Big changes could be in store for a quiet, lobster-fishing community in Washington County if a European firm ends up building a $110 million land-based fish farm on a largely undeveloped property overlooking Chandler Bay.
But Jonesport and its companion town of Beals, connected by a 1,000-foot arched concrete bridge over Moosabec Reach, already have been experiencing major changes in recent decades that have been more subtle, more gradual and less welcome. The towns have grappled with lackluster development, declining populations and school enrollments, and the effects of the opioid addiction crisis that has hit Washington County especially hard and led the FBI to Jonesport and Beals this past spring to raid three suspected drug houses in the community, as well as others in the county.
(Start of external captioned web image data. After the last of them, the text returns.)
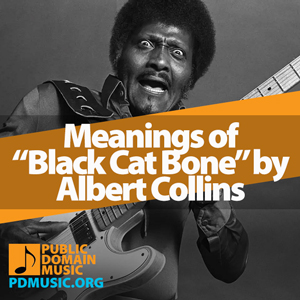 Meanings-of-the-Song-Black-Cat-Bone-by-Albert-Collins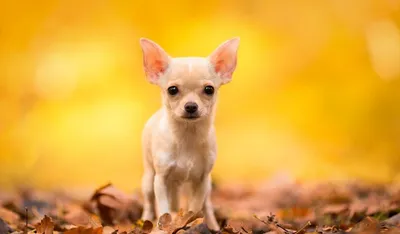 О стандартах Чихуахуа. Статьи Mini-Dogs о декоративной породе собак Чихуахуа .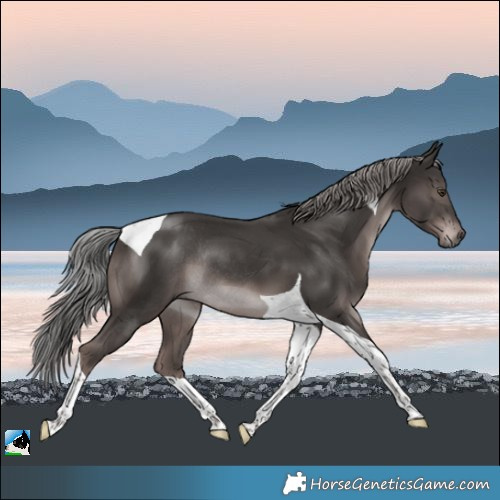 Horse Color:Platinum Liver Chestnut Tobiano Rabicano 
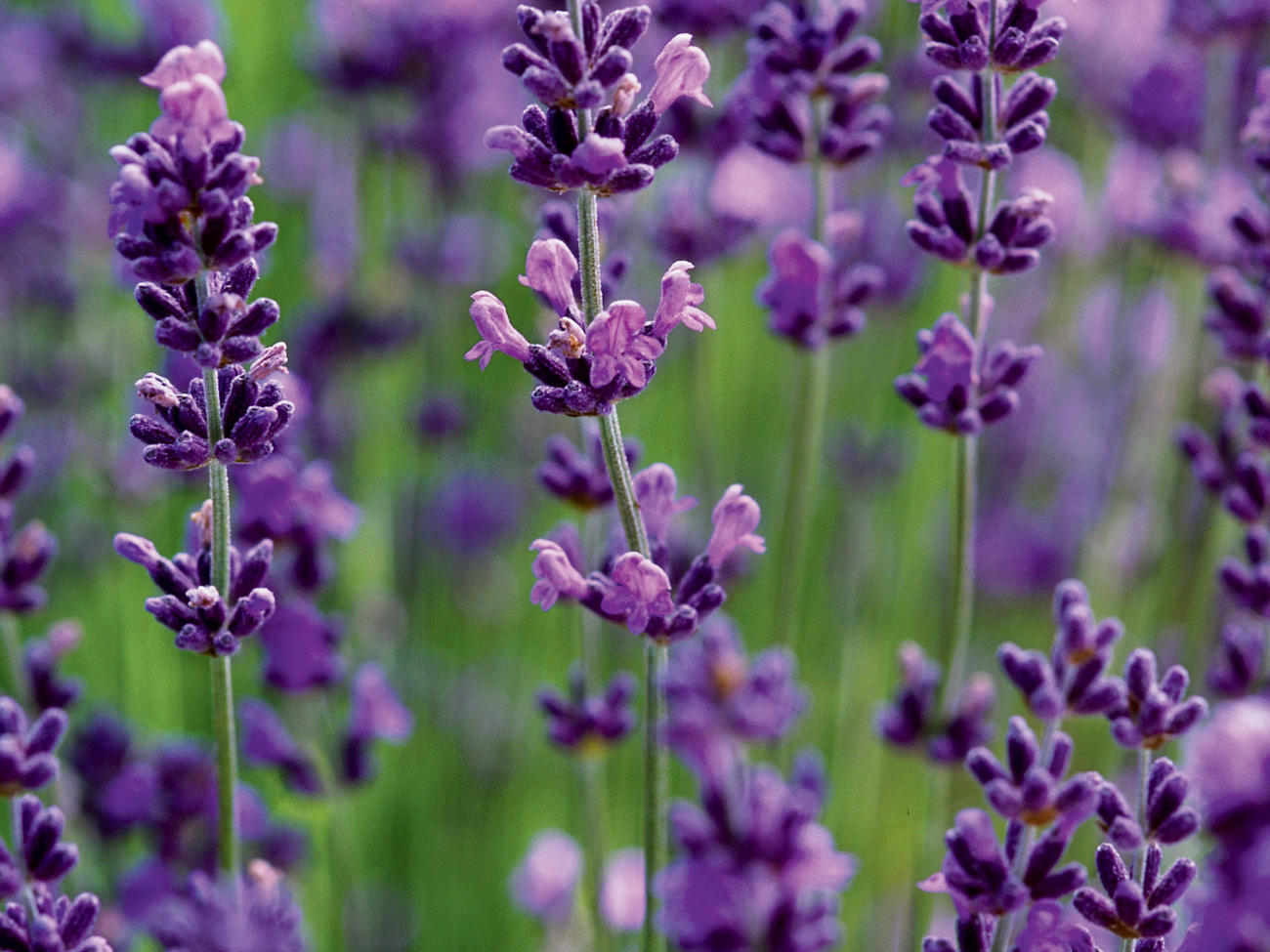 Choose the right varieties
Nobody expects a major employer moving into town to solve all the challenges the towns face, even if the yellowtail aquaculture company Kingfish Zeeland does what CEO Ohad Maiman says it plans to do — hire 70 people up front, establish a job-training program with the local high school and Maine colleges, and possibly expand production later. But local officials and residents say the development could help boost and diversify the area’s economic prospects without sacrificing the rural, hard-working character of what has been a fishing town for more than 200 years.
“Fishing has always been our go-to [occupation] and, as far as I’m concerned, always will be,” said William “Billy” Milliken, a Jonesport selectman and local real estate agent. “But, as a Jonesport official, I’ve seen the need for change. Economic diversity is overdue in Jonesport.”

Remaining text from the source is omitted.